── Dataset extract ──
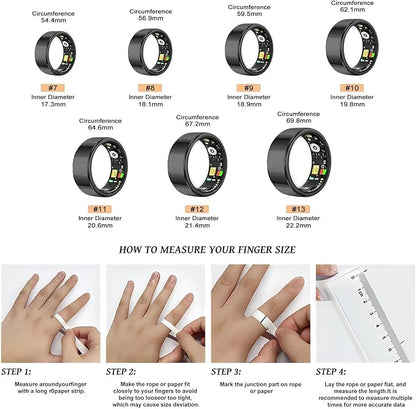 Smart Ring for Women Men,Fitness Tracker Ring with Heart Rate, Sleep Monitoring, Blood Oxygen, Step Counting for iOS and Android, No Subscription Fee, Waterproof, Valentines Day Gifts(Black, 9)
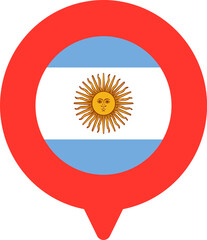 Argentina Flag On Pin Icon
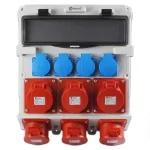 Akció TP Electric Szerelt ipari doboz 300x340, IP44, 4x(2P+F)+3x(5x16A)+3x(5x32A) 14 modulos 3620-400-5373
───
(Instructions for the task): Please write out exactly the lines from the one holding "Argentina Flag On Pin Icon" through the last line of the material above, both included, as a copy without pictures.

(Task answer):
 Argentina Flag On Pin Icon
 Akció TP Electric Szerelt ipari doboz 300x340, IP44, 4x(2P+F)+3x(5x16A)+3x(5x32A) 14 modulos 3620-400-5373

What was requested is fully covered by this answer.